**Action item**
Reproduce, exactly, the lines of the material below from the line containing "Camper-submitted photo at" through the line containing "Land for 300 000 euro in Chalkidiki, Greece", with both end lines included and nothing else.

┌─ Provided data

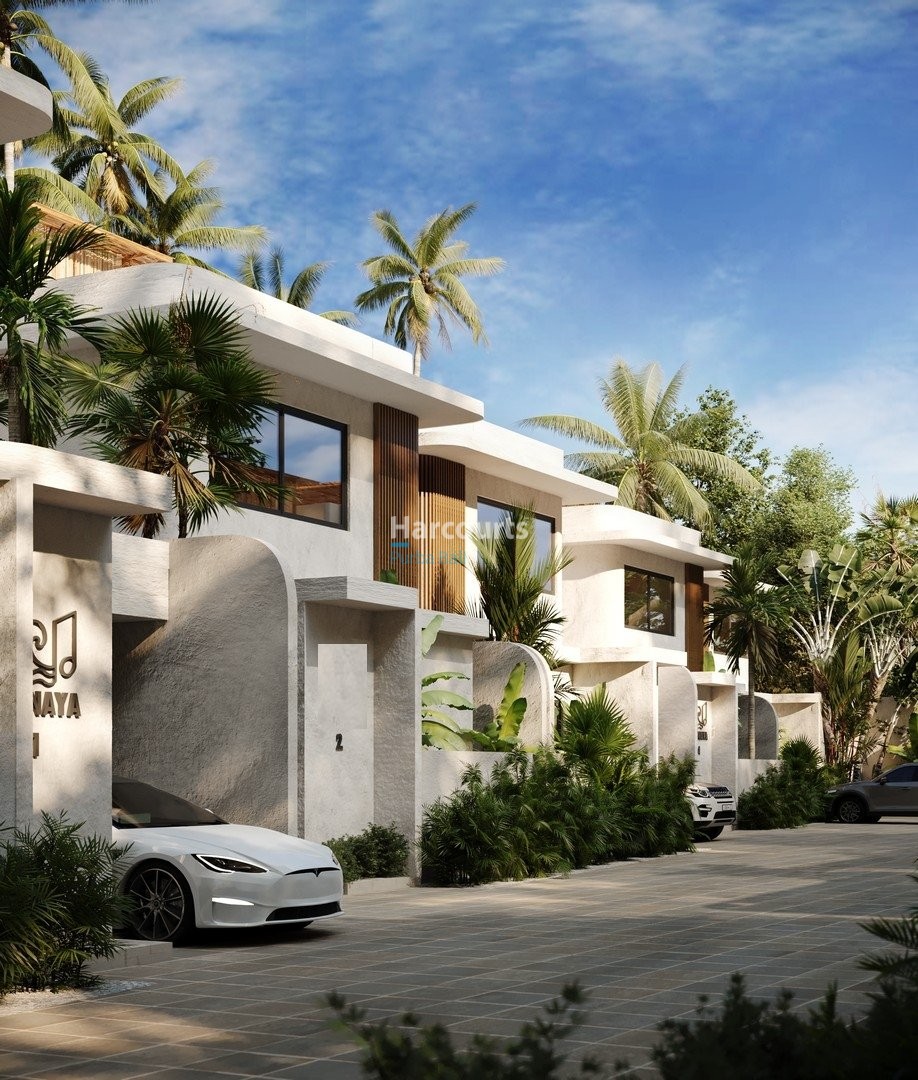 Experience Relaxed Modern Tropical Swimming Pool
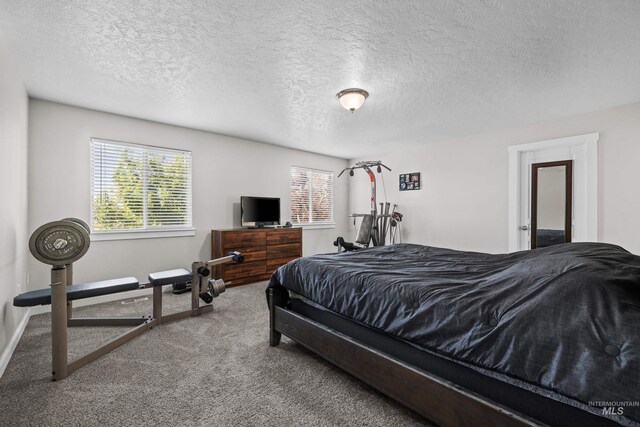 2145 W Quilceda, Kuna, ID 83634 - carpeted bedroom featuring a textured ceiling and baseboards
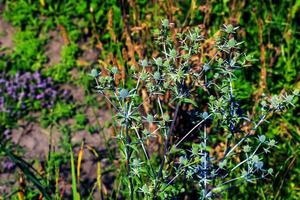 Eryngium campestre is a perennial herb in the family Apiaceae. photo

└─
┌─ Provided data

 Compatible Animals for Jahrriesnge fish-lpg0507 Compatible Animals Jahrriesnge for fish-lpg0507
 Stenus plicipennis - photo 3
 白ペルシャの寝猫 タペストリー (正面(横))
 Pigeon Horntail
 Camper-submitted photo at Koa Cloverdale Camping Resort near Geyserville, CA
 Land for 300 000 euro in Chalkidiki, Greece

└─

**Response area**
 Camper-submitted photo at Koa Cloverdale Camping Resort near Geyserville, CA
 Land for 300 000 euro in Chalkidiki, Greece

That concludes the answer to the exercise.